Tuesday, March 15, 2011

I am a No Fear Artist

We're getting T-shirts printed for the Art Station with the words No Fear Artist splashed across the back. There will be questions of the wearer, I'm sure, but No Fear is a common slogan around The Art Station. No Fear is our most popular class regardless of whether it's No Fear Watercolor, No Fear Drawing or even No Fear Clay. All of these classes have one thing in common: the quest to diminish the fears that block creativity.

Once a No Fear artist, always a No Fear Artist. Students will yell out "No Fear" if they hear even a slight hesitation from one who is afraid to try something new. The theory of No Fear is contagious and spreads rapidly, for one class reaps a lifetime of benefits not only in art but also in life. Creative problem solving is a skill that can be learned and put into practice in any dilemma no matter how complex.

It's simple, but only after we diminish our fears, and we can diminish our fears only after we embrace them.

We are sidelined first and foremost by that mother of all fears: Fear of Change. It's so easy to stay in our warm little comfort zone. We can even pace back and forth in there without much stress. If we stay there too long, however, we cannot grow, and we find the longer we put off change, the more difficult it is to actually do it.

Too, the greater the change, the greater the fear. For example, adding a room to my too small home is much less scary than building an entirely new house. Planting an herb garden is nothing compared to landscaping my front yard.

Yet, these aren't really the hard changes, are they? What about making the change involved in the decision to place your mother in an assisted living center? That may be a sizable change for her, but what if you were to allow her to move in with you? What about taking a child to karate? Easy, but what about the decision to take a child to a psychiatrist?

Empty Nest is a scary change that is thrust upon parents as their last child leaves the roost, the fear of a hollow life once the children leave home. Luckily for us, we're not caught unaware. We know by the time the youngest is sixteen that it's time to take small steps to overcome this particular fear.
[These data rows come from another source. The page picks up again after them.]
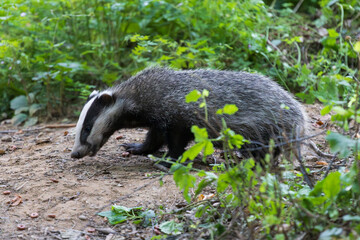 Badger foraging on woodland floor. © Colin Ward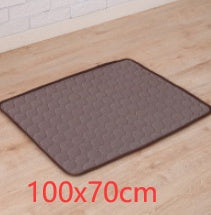 Pet Dog Cat Ice Silk Pad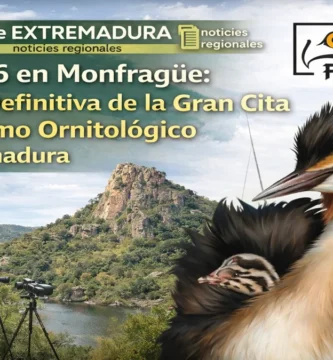 FIO 2026 en Monfragüe: La Guía Definitiva de la Gran Cita del Turismo Ornitológico en Extremadura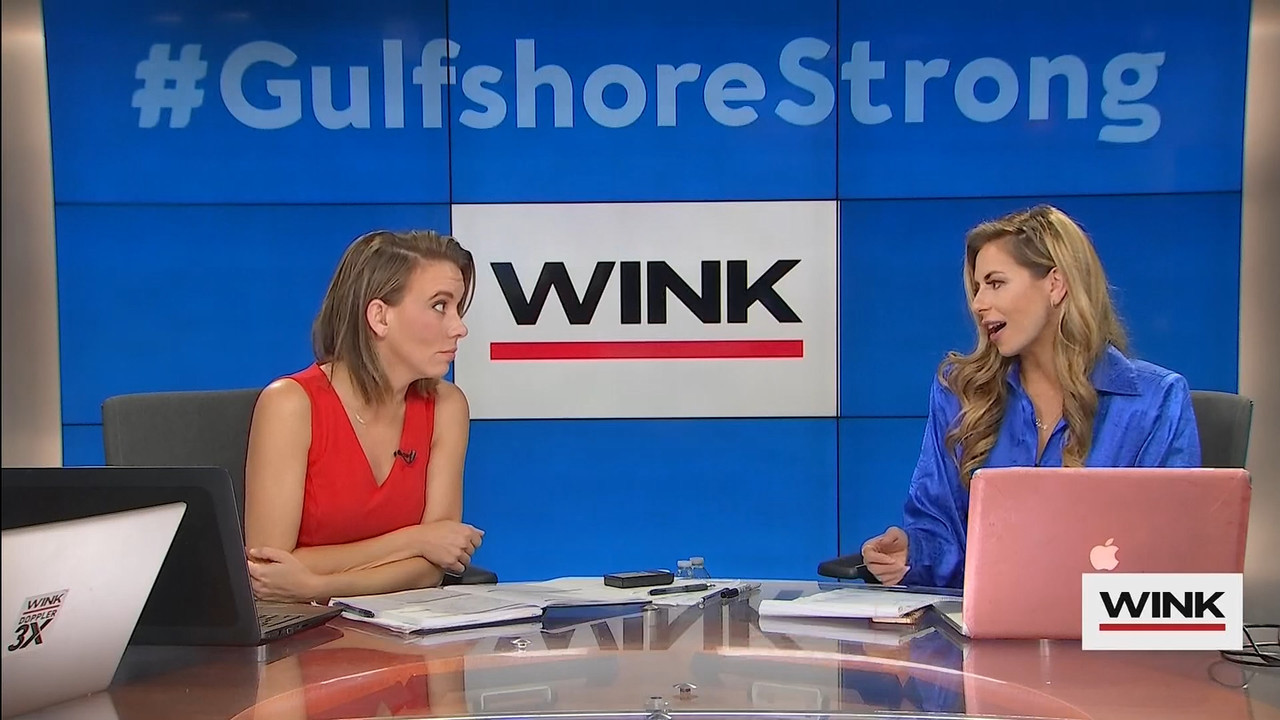 10.09 - 13.00.00 - WINK News at 8 00AM  ᴺᵉʷ..ts_snapshot_00.37.49.208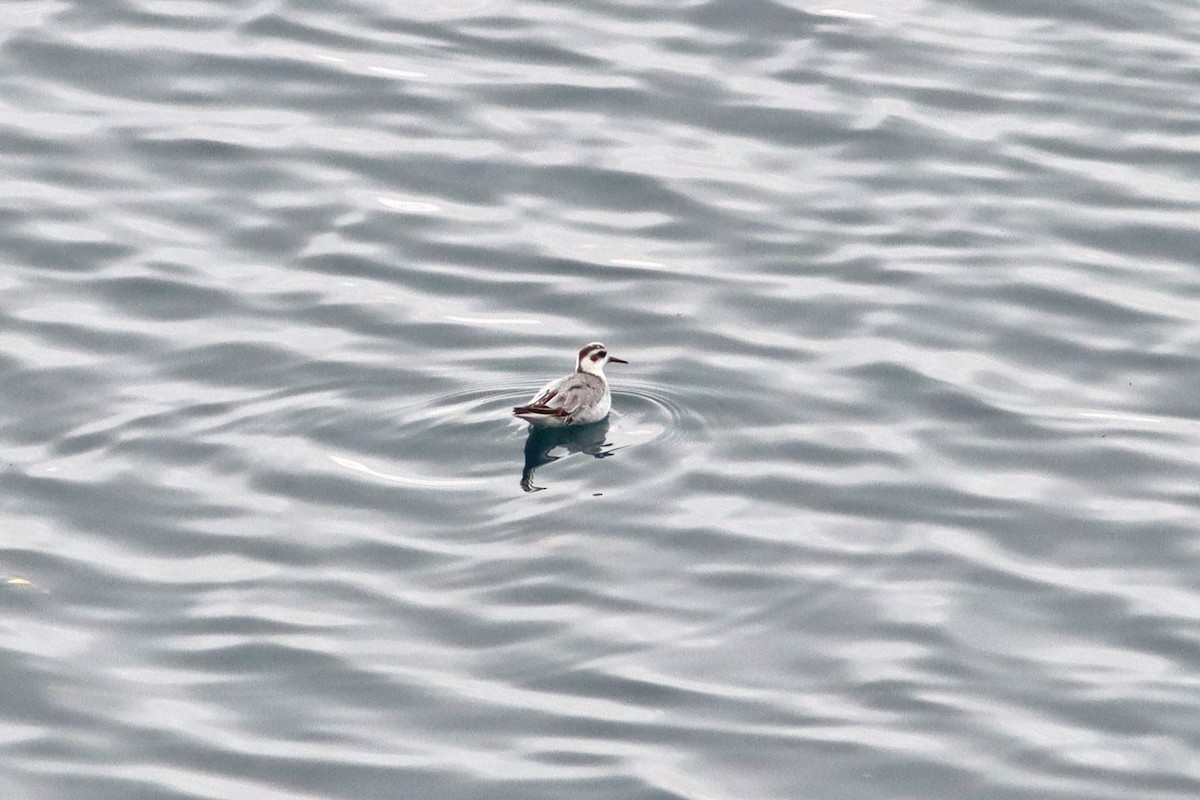 Red Phalarope - ML643084314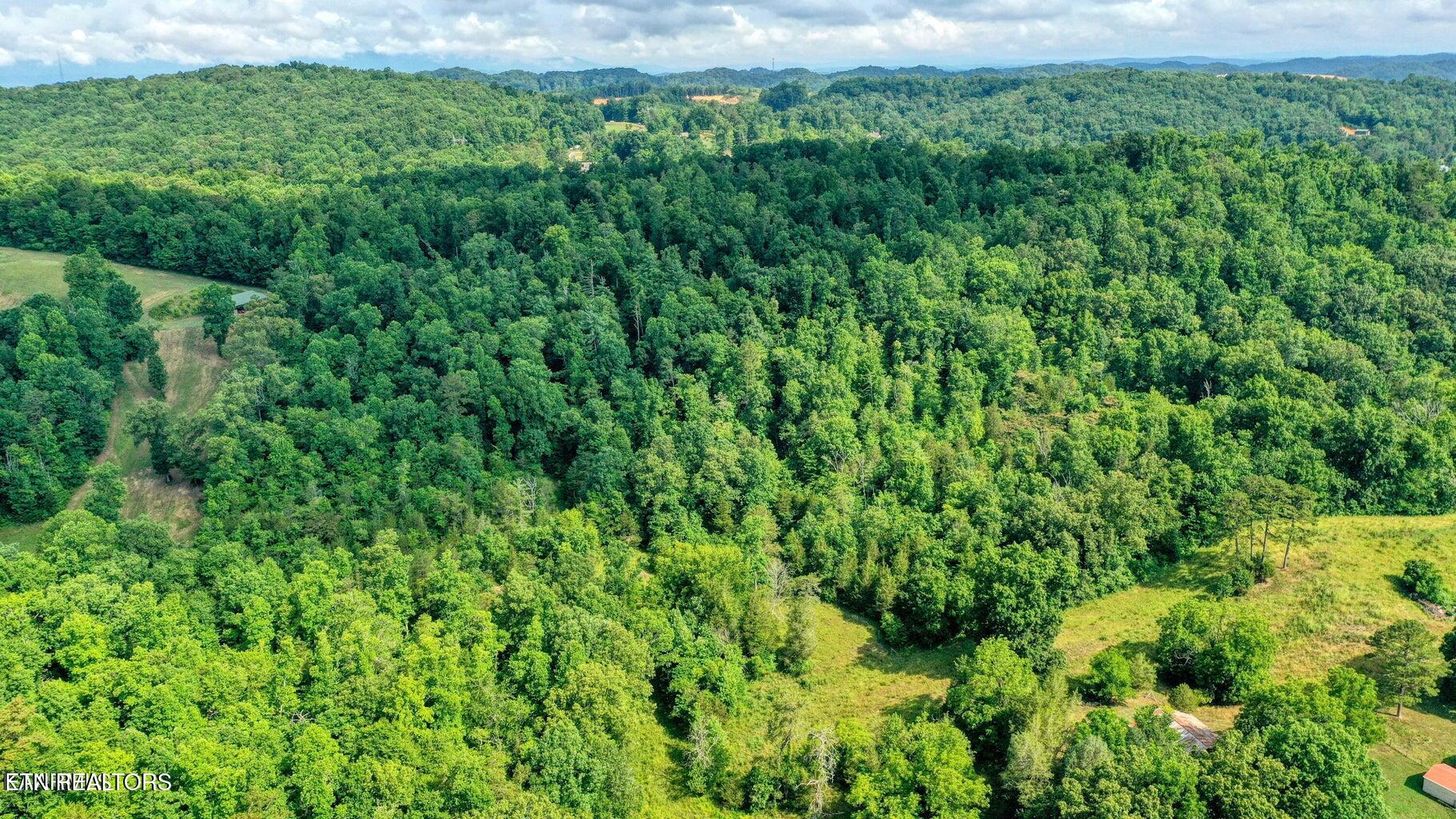 East Raccoon Valley Drive Heiskell, TN 37754 - Photo 13 of 13 13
Not me. From the time she was about nine or ten, our daughter let us know that she wanted to go to college somewhere in the mountains. It didn't take us long to realize she meant out-of-state since the last time I looked, Louisiana was still pretty flat. Within eight years, she made her wish come true, but I hoped that one day she would return not necessarily to live with us but at least closer. Then again, think of how many young adults are returning home because they are just too afraid to face life on their own? No such luck. She has already graduated from college, married, and still lives in her college town in Tennessee, so I had to accept the fact that my husband and I had joined the ranks of the Empty Nesters.

If I had not been in denial, I could have tackled this Fear of Change in small steps. Instead when it finally dawned on me that she was not going to move back home, my steps had to be quick and anxious, do or cry decision-making.

Now I am a No Fear Artist better able to embrace my fears, one small step at a time.